Values and rigor in high school reform

A conversation about high school reform between a founder of the small schools movement and the head of one of Denver’s most successful charter networks waxed philosophical on Thursday.

Deborah Meier, a senior scholar at New York University’s Steinhardt School and the first educator to win the MacArthur genius award, and Bill Kurtz, founder of the Denver Schools of Science and Technology, discussed topics ranging from teacher responsibility to testing to rigor in instruction.

Here are highlights from the conversation, held at the RedLine urban art space and sponsored by A+ Denver and the Colorado Education Association.

On democracy

Meier labeled democracy one of her two obsessions, the other being our “curiosity about everything.”

“I’m feeling much more nervous about the future of the idea of democracy. I think we have an extraordinarily lucky nation … How come school is such a poor imitation of what it means to live in a democracy?”

Meier argued that young people used to learn from their elders by interacting with them. A shoemaker’s apprentice learned from the shoemaker. Today’s youth are separated from adults.

“Kids need to grow up in the company of adults who are transparent, people of knowledge and wisdom.”

“We have created a society where 90 percent of our kids grow up in worlds separate from adults. They are in tight, strong peer communities because that is the only thing available to them. They don’t join society. They don’t watch their father shoemaker make shoes.”

For Kurtz, having choices is essential to a healthy democracy.

“We are committed to giving our children choice,” Kurtz said. “We think that is implicit in a democracy. We give them the kind of education that can give them lifelong choices. We want every child to have the opportunity to choose college if they so desire. Kids should be making that choice.”

On teachers

If teachers are the model picture of what it means to be adult, “what is that picture like?” Meier asked.

Meier said teachers work in a profession where they are routinely humiliated by students and others.

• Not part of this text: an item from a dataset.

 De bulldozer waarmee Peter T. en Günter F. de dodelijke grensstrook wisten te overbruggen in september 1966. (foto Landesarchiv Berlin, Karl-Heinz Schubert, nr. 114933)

She said schools must foster communities based on respect.

She also said she doesn’t believe teachers shoulder all the responsibility for a student’s stuccess. She said that takes away the student’s power to decide who he is – and even fail.

Kurtz said teachers have “some responsibility.”

“We share responsibility with our families – but we are the adults these kids come in contact with as much as anybody in their lives.”

On value-centered education

Kurtz agreed with Meier that respect is an important value. He said creating a “value-centered” approach is the first priority at DSST, followed by student performance. He also said he strives to instill a sense of the larger world in his students.

“Ultimately, I am part of a community. The interest of community will trump my own interests. We help our kids understand they are part of a larger community.”

Kurtz said he believes racial, ethnic and socioeconomic diversity is important in a learning environment – both among staff and students.

Students at DSST – and teachers – sign a core values commitment. In fact, the teachers sign it in front of the kids. DSST students are even graded on their adherence to key values. They can get a 1 or 2 – out of a possible 5 – for dishonesty, for example.

On measurements

Meier is not a fan of measurements or labels. She said not everyone looks at the same problem the same way.

“I have to be open enough to see there may be an explanation for somebody’s answer that’s different than I think it is.”

She cited an example of a lesson she once taught that involved teaching kids the difference between something living and non-living. She used a gerbil and a rock as examples. But a bright young man in class made a compelling argument that the rock was living. It was ancient, moved by glaciers, and constantly changing.

Meier didn’t talk about standardized testing specifically, but she made it clear that there are many human attributes that can’t be documented.

“I don’t know how to measure the stuff I value.”

Furthermore, Meier said data is too often used for political reasons and shame.

“We want kids and teachers to be expert at looking at a lot of information about a person and making judgment. I’m not for translating that into a number that compares people. I don’t have to make that trade-off just because kids are poor. At Central Park East School, there was no system of comparing them, whatsoever. We got them into colleges (without that). I think it was part of the power of that school. They were accustomed to making judgments about themselves.”

Kurtz, on the other hand, said measurement was essential to giving all children opportunity.

“You can shine lights on things … and give people who didn’t have the power, the ability to have power,” Kurtz said.

He also argued that it’s not an either/or situation – all testing and data or none at all.

“We have an opportunity to create culture. We use data within our values and sense of responsibility. We are a scientific society. We use data in all sorts of ways. Data in absence of values is tremendously problematic,” Kurtz said.

On collaboration

Meier said she grew up during World War II and thus was dismissive of the word “collaborator.” She was inclined toward “the resistance.”

“At school, kids are graded on collaboration,” she noted. “What I want is kids to make judgments about when to resist and when to collaborate, particularly kids who have been disadvantaged.”

On the word “rigor”

Kurtz argued schools could do a better job with rigor in all areas – arts, music, science.

To him, it means giving a person the “opportunity to think deeply about something, learn how to apply it in a different context, and add ideas” that go well beyond conventional wisdom.

Meier viewed the word – now popular among educators – in the context of “rigor mortis.” She said every one of the definitions she’d read was “despicable, harsh, cruel and unchanging.” She said she prefers words such as “robust” and “vigorous” to describe learning landscapes.

On teaching the growing Hispanic population

Meier said the “connection between class differences is getting worse in America.”

“Ideally, there should be mixtures of ethnicity. I think bilingual education is a great idea, and dual language.”

Kurtz said DSST is “very committed to serving that population.”

“Some of the most gratifying results are seeing Latino graduates thriving in college.”